Eveline said:
Hello Ted
Thank for replying.
It does not solve my problem. I hooked the old hard drive back up and I did
a search for the picutres and documents I need but they are not there. The
folders under the account Eveline seem to be empty. I have no idea where all
my files are. Is there a way to boot or run windows on the old hard drive so
I can access my account ?
I can access 12.5 MB of the 33MB that are used. I am not sure where the
other 18.5 MB are.
I tried accessing the drive via the MS-Dos but get the same Access denied.
Any Idea?
First, don't write anything else to that drive.
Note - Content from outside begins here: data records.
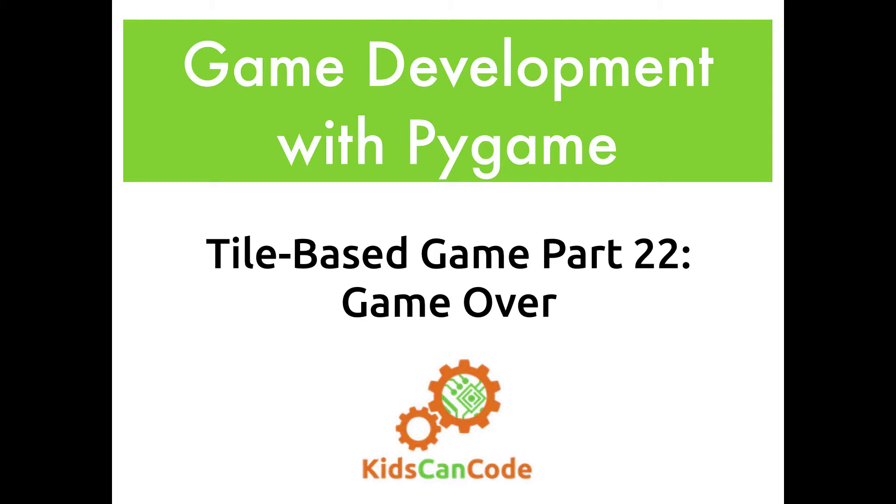Hello everyone and welcome back to game development with Pygame. This is part 22 of our top-down zombie shooter and in this video we're going to be adding the game over condition as well as fixing a couple of very minor issues that we need to take care of. Alright, so let's get started.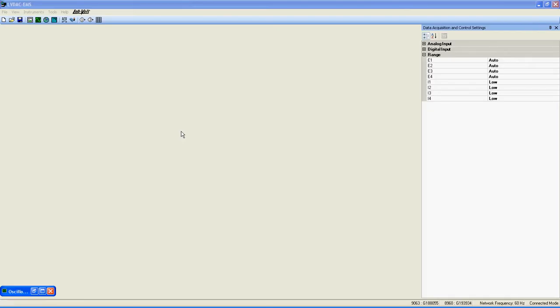Welcome to this LabVault Multimedia User Guide about the 9063. The function presented in this video will be the Buck Boost Chopper.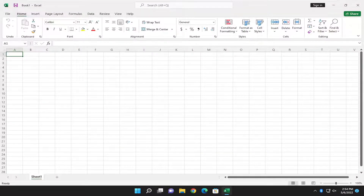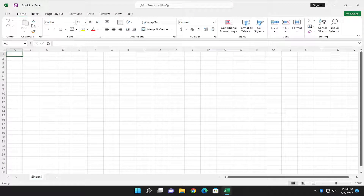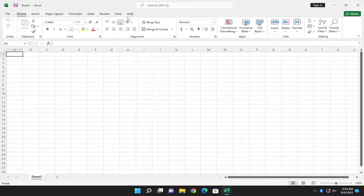Hello everyone, how are you doing? This is MD Tech here for another quick tutorial. In today's tutorial I'm going to show you guys how to check for updates in Microsoft Excel. So this should hopefully be a pretty straightforward process here guys. And without further ado, let's go ahead and jump right into it.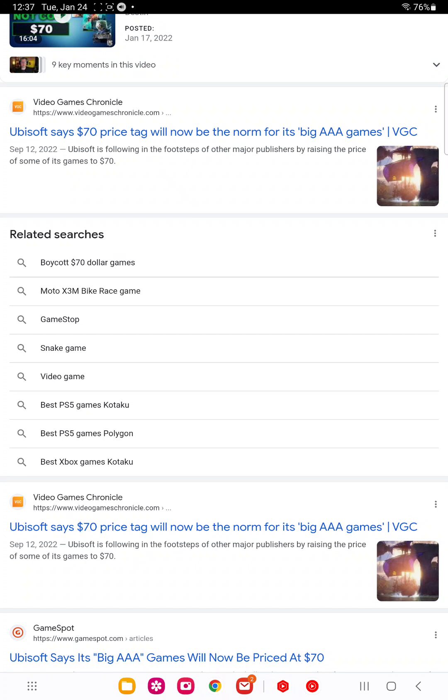Usually games are full price until a sale comes around. Obviously. Like a Black Friday sale. Of course, Black Friday is one of the best times to get newer games on sale. And I think a lot more people will be buying games on stuff like Black Friday and stuff.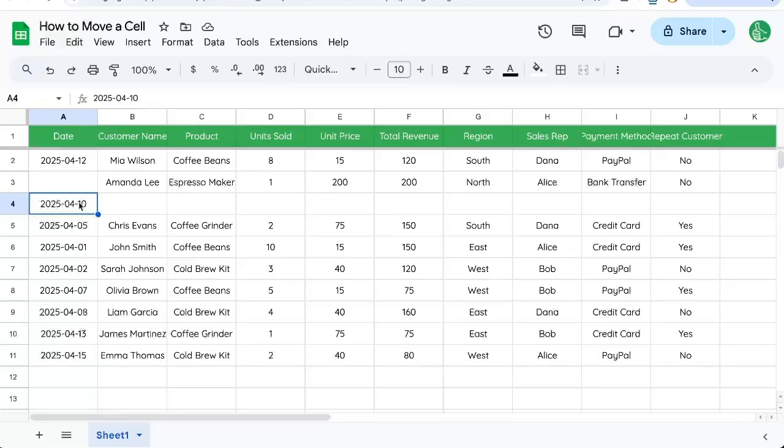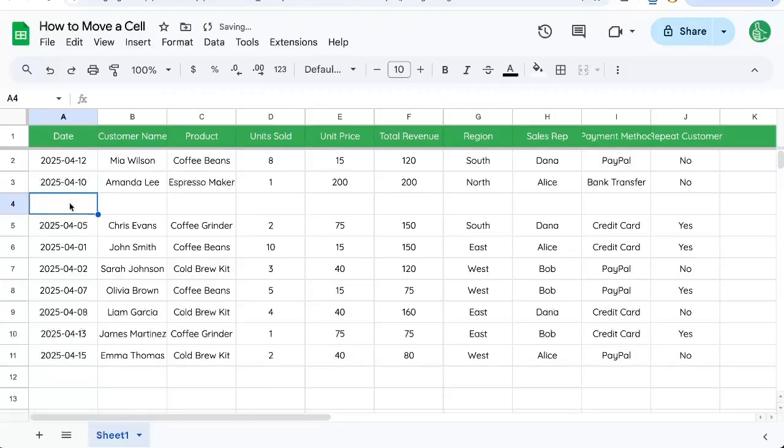Select the cell you want to move and go to the edge of it. You'll see the cursor turn into a hand. Click and drag that cell anywhere you want and it'll move the cell.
If files were deleted or
marked as deleted, you increase the risk of them being overwritten and
rendered unrecoverable. So, it's probably best if you don't try to set it
up to boot from it.
If the drive is formatted as NTFS (and it sounds like it) you cannot access
it by a DOS boot, unless you use special 3rd party drivers. You have to
use XP or another NT system. If you're using the command prompt within
XP - that isn't DOS, it's XP without the visuals.
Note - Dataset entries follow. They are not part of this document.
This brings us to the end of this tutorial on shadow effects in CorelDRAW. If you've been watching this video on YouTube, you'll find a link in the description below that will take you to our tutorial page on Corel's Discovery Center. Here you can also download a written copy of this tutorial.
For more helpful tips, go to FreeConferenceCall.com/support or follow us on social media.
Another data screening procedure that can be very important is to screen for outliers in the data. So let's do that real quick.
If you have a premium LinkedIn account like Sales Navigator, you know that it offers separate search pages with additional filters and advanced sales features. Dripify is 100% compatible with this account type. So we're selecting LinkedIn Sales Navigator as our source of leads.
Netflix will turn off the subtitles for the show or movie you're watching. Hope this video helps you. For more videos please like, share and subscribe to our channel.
Was your old system XP Pro, and if so, did you encrypt any of the files or
folders (XP Home does not have this function built in)? This is not the
same as having a password on the account. If you did encrypt them, and you
didn't back up the account credentials, they are for all practical purposes
gone.
If you didn't encrypt the files, depending on what happened to the disk,
they may be recoverable.
As described in other posts, you should be able to simply take ownership of
the files and folders and recover them. You might need a bit of
assistance in setting the permissions for this, but it normally works.
In worse cases, you may need to use data recovery tools, like R-Studio:
http://www.data-recovery-software.net/
They have a demo, which will list what it can recover, so you can have a
very good idea of what the situation is before you purchase it. Note that
this listing can take *hours* to complete. The demo version does allow you
to save the listing, so if it looks like it's what you need, save the
listing, call them for the working version, and open the saved list. Then
you can proceed to take back the files you need. While not a speed demon,
this can work *very* well.
Past that, you're looking at data recovery services. When I've had to use
these services, prices have ranged from $1000 to $5000 Canadian.